Re: More on identifiers
Date: Sun, 7 Jun 2009 07:04:44 -0700 (PDT)
Message-ID: <3f0907eb-8de1-44d0-a3a2-59bcd5e09373_at_h2g2000yqg.googlegroups.com>
On Jun 5, 5:52 am, David BL <davi..._at_iinet.net.au> wrote:
> Informally I think of abstract identifiers as "internal glue" within a
> relational database. A bit more formally, they are characterised as
> identifiers that could be mapped bijectively to different values
> throughout the database without changing the recorded information.
> One would therefore hope that they aren't visible to end users.
>
> I have wondered for some time whether abstract identifiers are only
> needed within the confines of a flat relational model. The following
> hypothetical example is meant to cast some light on this question.
> I'm hoping you'll see the underlying matters of principle and see how
> it raises some interesting questions and ideas:
>
> Let a cardboard box of items land on your desk and your task is to
> record information about the items in a database. In theory each item
> is uniquely identified by its (x,y,z) position at any given epoch.
> However, the idea is that the items are mixed up in the box and their
> positions are irrelevant to the information that needs to be recorded.
>
> The items are not labelled. The idea is to uniquely identify them
> (only) by their observable properties. This is indeed assumed to be
> an important integrity constraint to be enforced by the DBMS. Note as
> well that it would be upsetting (and potentially very costly or
> impractical) if the database system forces items to be labelled when
> there shouldn't be a need to.
>
> However the problem is that's it's very difficult to shoehorn all
> these properties into a single relation in order to form a natural
> primary key. For example only the items that are spherical have a
> radius attribute. Only the items that are uniform in colour have a
> single colour attribute. There may not even be a single attribute to
> be recorded that is shared by all the items! However, the items can
> be classified in many different (and overlapping) ways.
>
> This is exactly what the RM is really good at, because information
> about a single item can be spread across many different relations,
> providing enormous flexibility.
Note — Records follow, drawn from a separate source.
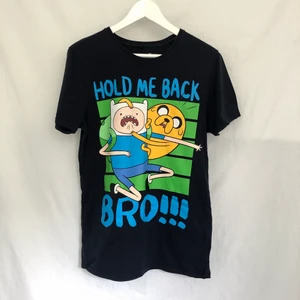 T-shirt Adventure Time - Säljer den här roliga t-shirten med Finn och Jake från Adventure Time på. Fint skick i storlek XS, dammodell. Säljer den då jag inte använder den.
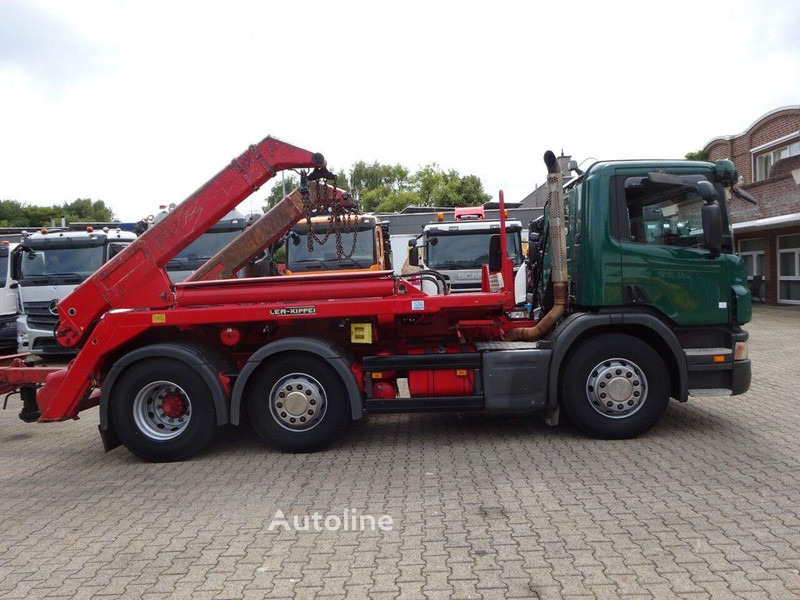 Scania P310 - Skip loader truck - Camión portacontenedor de cadenas: foto 5 Scania P310 - Skip loader truck - Camión portacontenedor de cadenas: foto 5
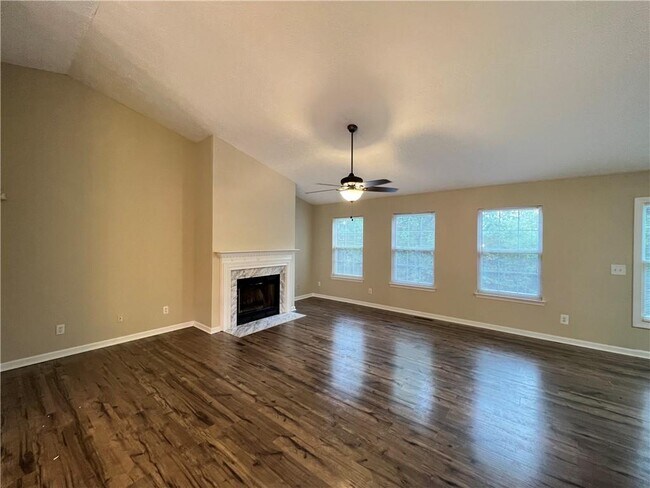 Foto del edificio - 452 Crested View Dr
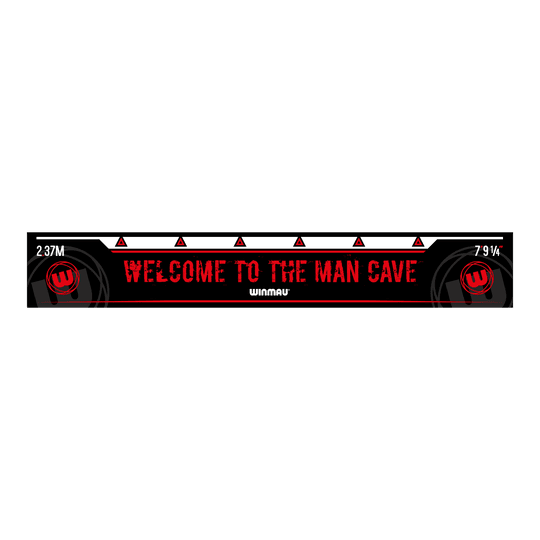 Winmau Mancave throwing line Das Bild zeigt das Produkt "Winmau Mancave Abwurflinie" mit der Aufschrift "Welcome to the Man Cave". Die Abwurflinie ist schwarz-rot gestaltet und zeigt die Maße 2,37m und 7'9¼''.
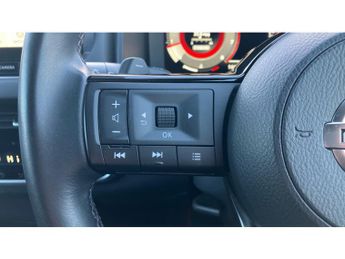 Nissan Qashqai 1.3 DiG-T MH 158 N-Connecta 5dr Xtronic Petrol Hatchback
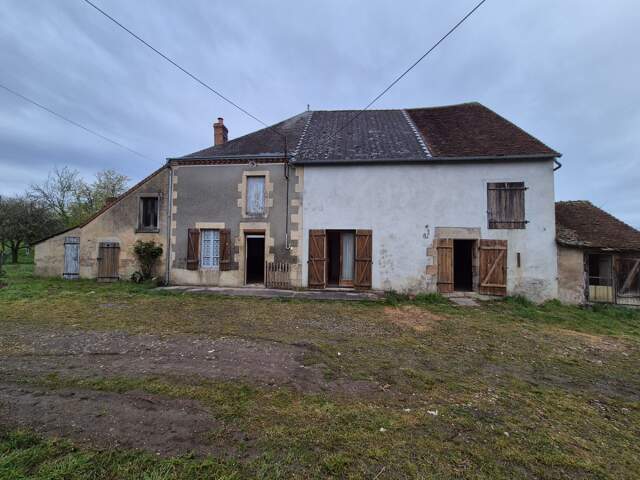Maison ou petite ferme à vendre 4 pièces AIGURANDE (36) terrains 1,3 hectares — photo du bien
For example, the following relations
> could be used:
>
> wood(I) :- item I is made of wood
> key = {I}
>
> sphere(I,R) :- item I is a sphere with radius R
> key = {I}
>
> alloy(I,M,F) :- item I is made of an alloy with
> fraction F of metal M
> key = {I,M}
>
> In these relations the attribute named 'I' is an abstract identifier.
>
> It seems that abstract identifiers are needed in order to utilise
> multiple relations that avoid NULLs. They serve as the glue that ties
> things together. In fact every such relation will use an abstract
> identifier within its primary key.
>
> In a complicated scenario there could be dozens of these relations.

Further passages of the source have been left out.